### Exercise objective
No picture belongs in the copy. Repeat each line below exactly.

#### Task material ####

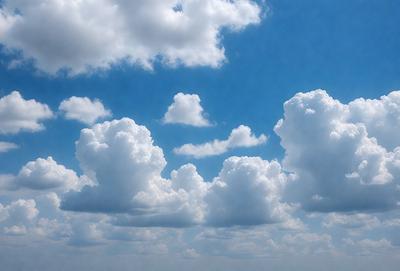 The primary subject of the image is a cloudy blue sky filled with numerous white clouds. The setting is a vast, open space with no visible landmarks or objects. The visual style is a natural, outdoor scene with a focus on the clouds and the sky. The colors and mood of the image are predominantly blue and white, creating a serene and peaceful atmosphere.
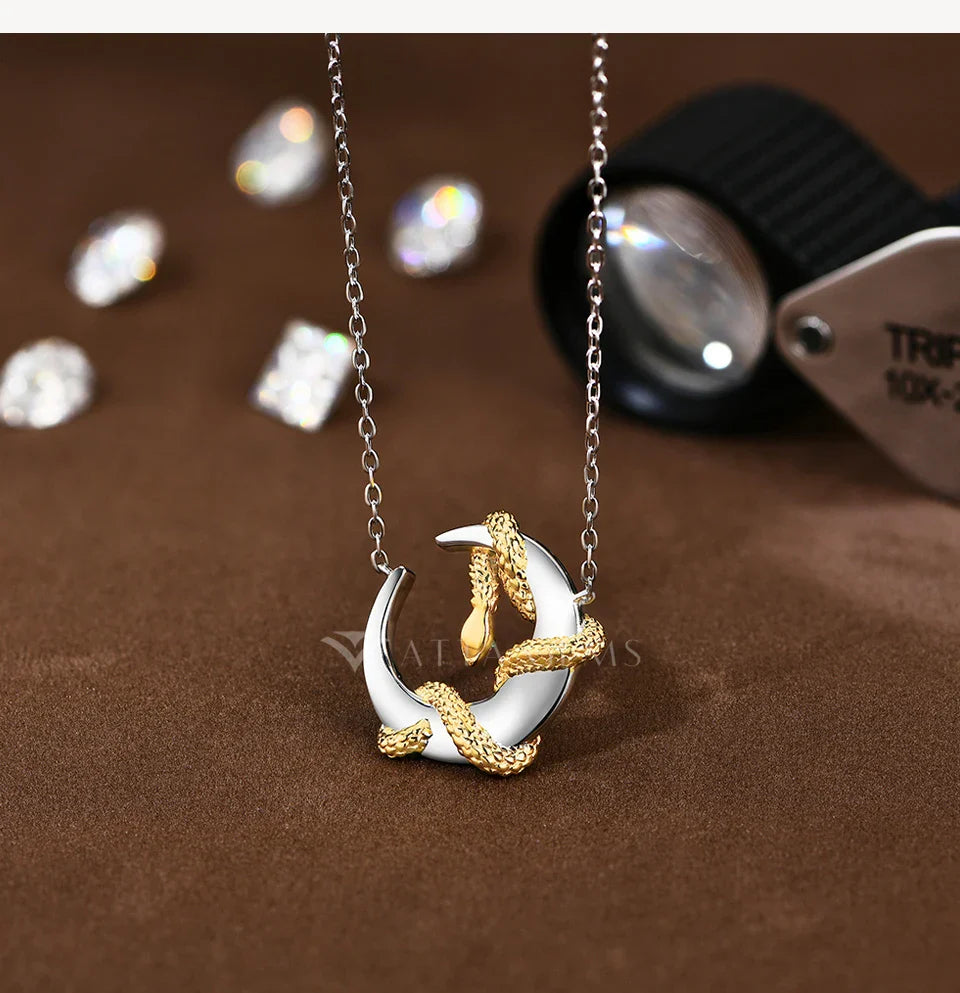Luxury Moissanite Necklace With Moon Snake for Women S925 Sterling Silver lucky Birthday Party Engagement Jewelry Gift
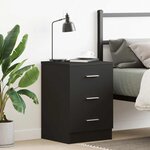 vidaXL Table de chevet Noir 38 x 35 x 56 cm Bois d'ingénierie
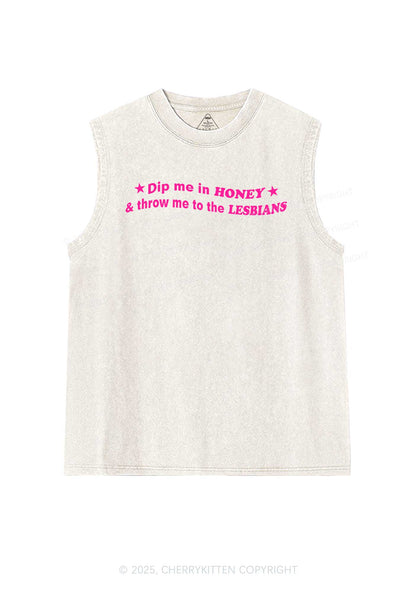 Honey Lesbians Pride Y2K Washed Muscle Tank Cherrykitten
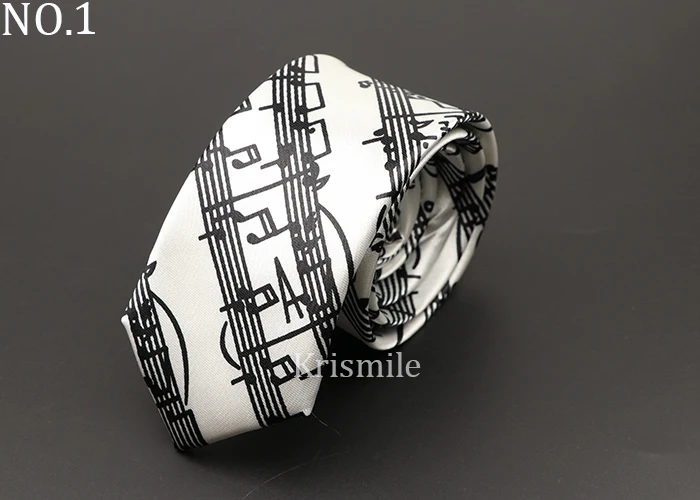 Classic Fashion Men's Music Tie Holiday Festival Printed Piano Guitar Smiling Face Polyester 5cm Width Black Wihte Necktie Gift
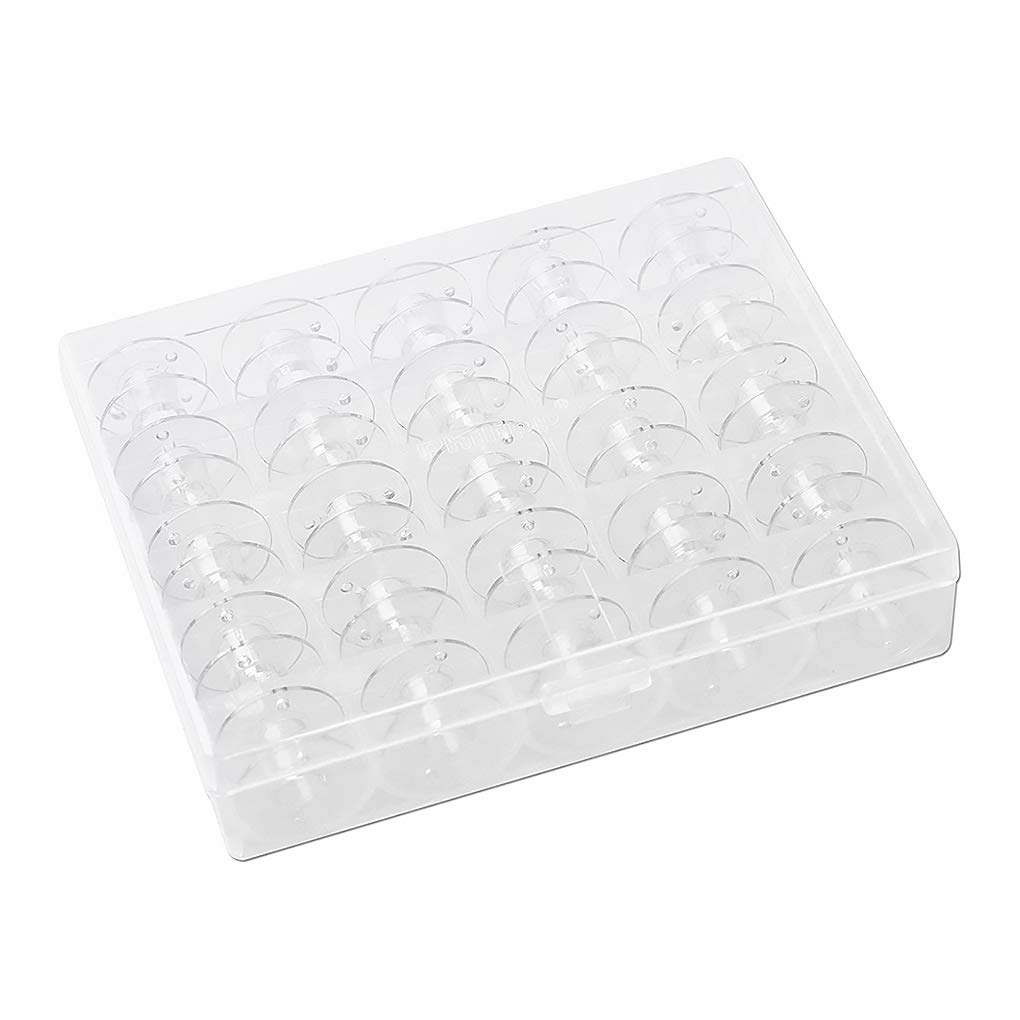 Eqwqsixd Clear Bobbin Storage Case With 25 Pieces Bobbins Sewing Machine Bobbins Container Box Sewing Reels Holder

####

### The answer
 The primary subject of the image is a cloudy blue sky filled with numerous white clouds. The setting is a vast, open space with no visible landmarks or objects. The visual style is a natural, outdoor scene with a focus on the clouds and the sky. The colors and mood of the image are predominantly blue and white, creating a serene and peaceful atmosphere.
Luxury Moissanite Necklace With Moon Snake for Women S925 Sterling Silver lucky Birthday Party Engagement Jewelry Gift
 vidaXL Table de chevet Noir 38 x 35 x 56 cm Bois d'ingénierie
 Honey Lesbians Pride Y2K Washed Muscle Tank Cherrykitten
 Classic Fashion Men's Music Tie Holiday Festival Printed Piano Guitar Smiling Face Polyester 5cm Width Black Wihte Necktie Gift
 Eqwqsixd Clear Bobbin Storage Case With 25 Pieces Bobbins Sewing Machine Bobbins Container Box Sewing Reels Holder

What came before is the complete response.